Tuesday, October 8, 2013

a Little.Fish. with a rebellious heart

So this at first glance, may sound extreme.  It's not.  But I wanted to write about that little part of me that sees something I don't want to do, don't like, don't want to try, or don't agree with, and FIGHTS HARD for my own way, to win the argument, to do it my own way.

For a silly, small example: I'm reading a Kay Arthur study.  I've done one before, and really disliked drawing so much in my Bible.  I'm not against the idea in general, but I'm not much of a doodler, and 'symbols' are great, if there's one maybe, but not so many!  It just upsets my sensibilities, and I.Don't.Want.To.Do.It.

I know- most of you would say, "well then don't! It's no big deal".  But I think the attitude is.  honestly, I remember being a big.jerk. with my college girlfriends about not wanting to do it, then fussing about it, then complaining about it, and on&on.  OH.MY.  Isn't it ugly??  Such a small thing that can fill your mind, heart, mouth and continue to speak that negative language to anyone & everyone else.

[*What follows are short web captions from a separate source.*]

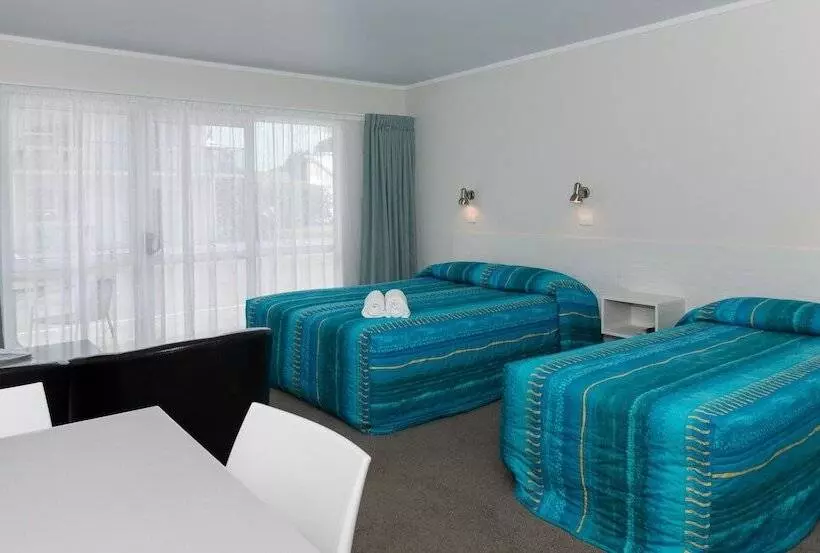 スーペリアスタジオ, Averill Court Motel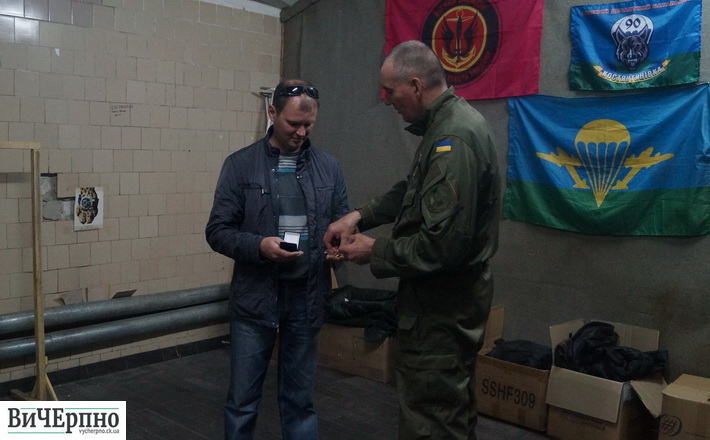 Воїни АТО подякували волонтеру та нагородили нагрудним знаком “Гідність та честь”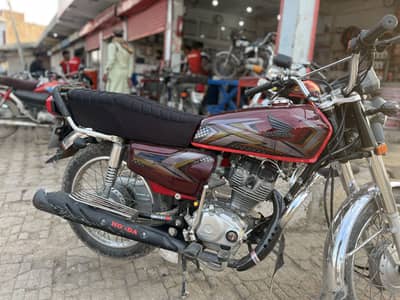 CD 125  Brand new condition black color orignal parts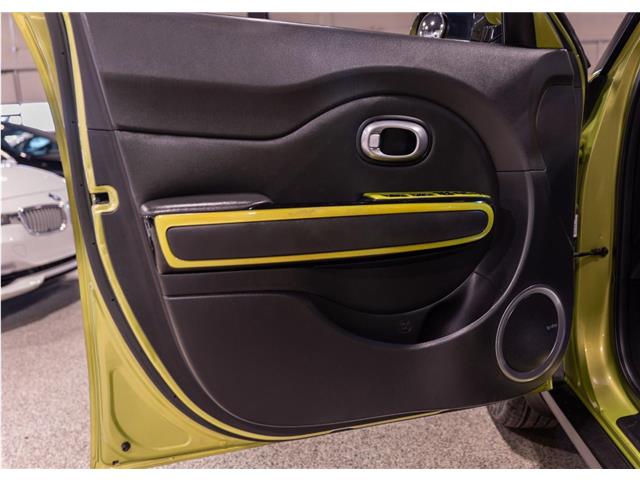 2015 Kia Soul SX Luxury (Stk: R69200) in Calgary - Image 12 of 24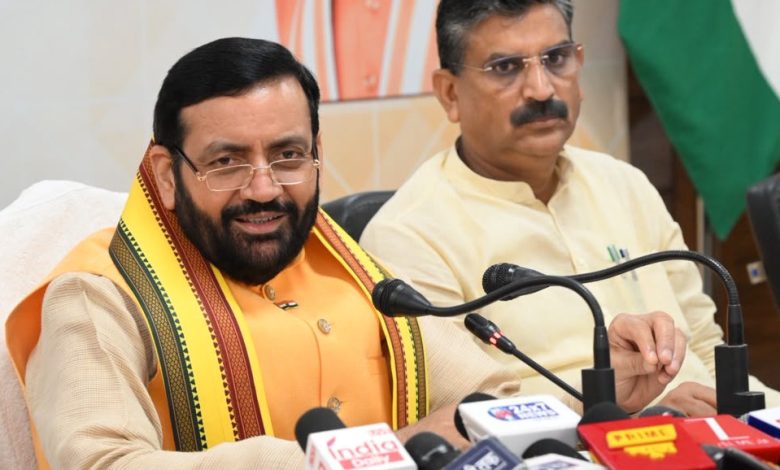 नायब सिंह सैनी सामाजिक सुरक्षा पेंशन की राशि DBT से ट्रांसफर करते हुए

Maybe I missed out on something the Lord would have shown me?  That's probably true.  I think if I had been willing, pliable, flexible, and even if I hadn't been perfect with my 'symbols & coloring', I know He would be faithful to me & teach me in the midst of struggle.  Do I think you can really 'opt out' of God's will for your life?  Nope.  not a chance.  He still has me in his hands - He is bigger & stronger & wiser & he knows all that is & will be.  Can I miss a lesson he's showing me?  yup. and I do.  Do I always get a second chance?  I don't know, but I'm kinda glad to have a good attitude this time around and not revert back to my "My way is better & here's why that way isn't worth my time" attitude.

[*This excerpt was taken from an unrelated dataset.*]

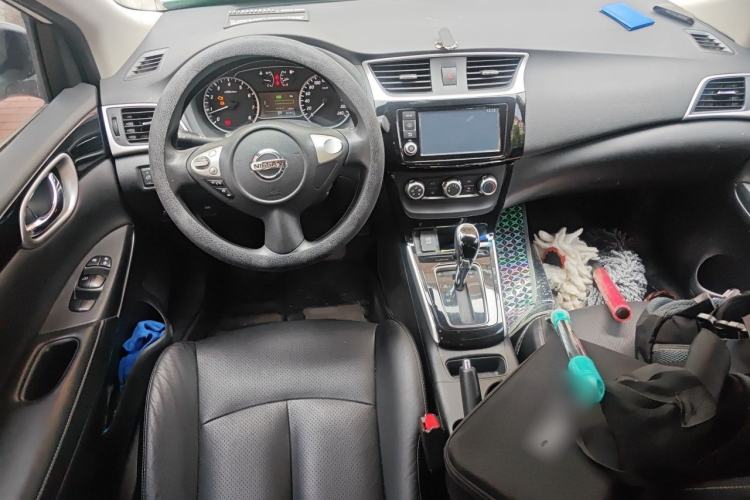 Used Nissan Sylphy 2016 1.6XV CVT Smart Enjoyment Version Center Console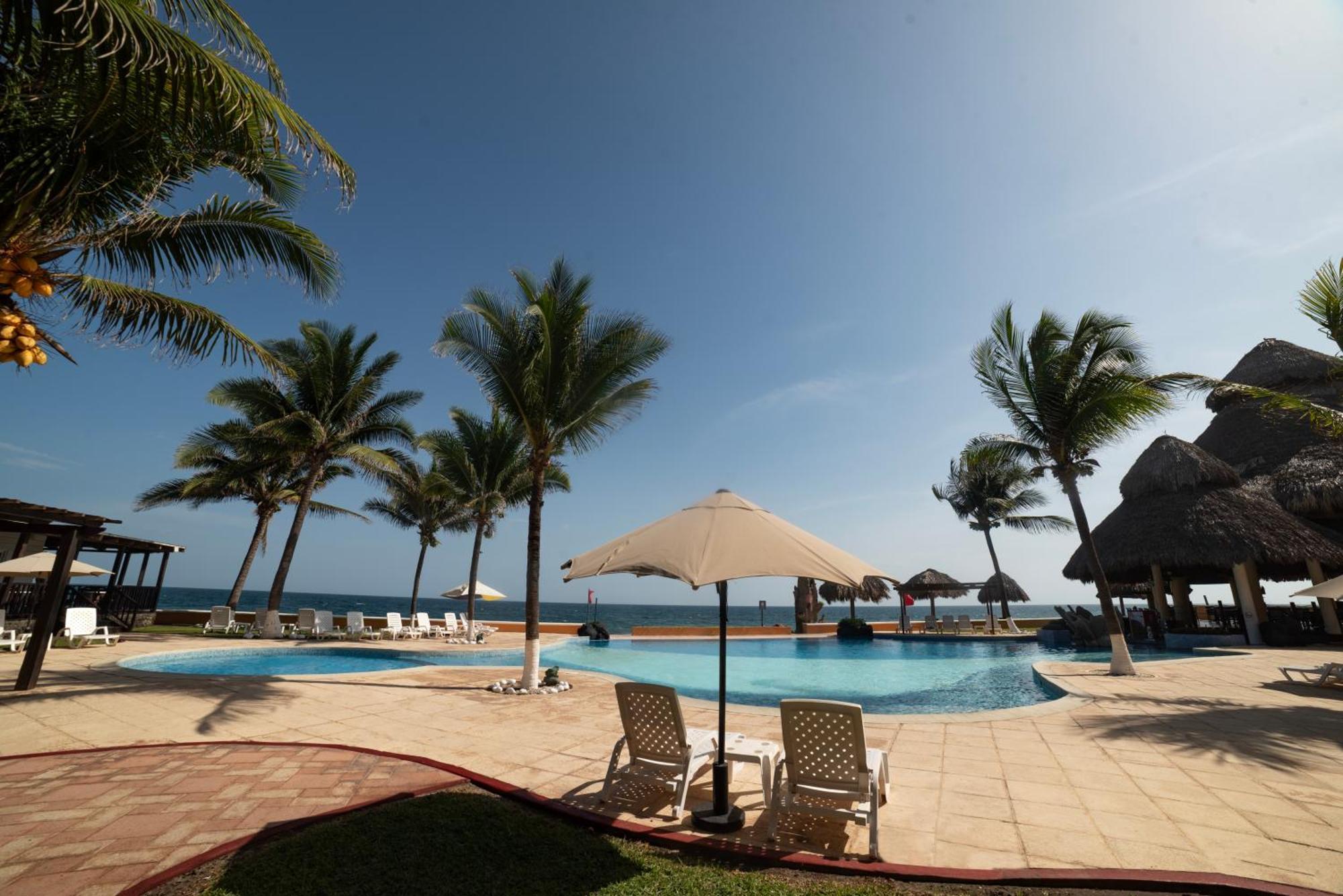Hotel Cayman Suites มอนเตริโก ภายนอก รูปภาพ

I know I do this in big things too.  I have very little room in my heart for others with whom I disagree on some fundamental issue.  Myers Briggs calls me a Judger & it's true.  I do it, all the time.  But, thankfully, I'm learning how to love people no.matter.their.positions & no.matter.their.ideas.  I can show grace, live grace, give grace!  Isn't that really, at the root, how to love?  To be kind, compassionate, sensitive & graceful to those different from us?  Even an 'enemy'?

My rebellious heart - my need to be right - my need to feel smarter, bigger, cooler, prettier - my competitive spirit - IN THE PURSUIT OF MY OWN GLORY is all SIN.

"So the last will be first, and the first will be last."
Matthew 20:16

Lord forgive my self-righteous - my arrogance - my selfishness.  Teach me how to lay down my own way & teach me Lord how to be last.  Thank you.  Your spirit of gentleness, kindness, willingness is truly beautiful.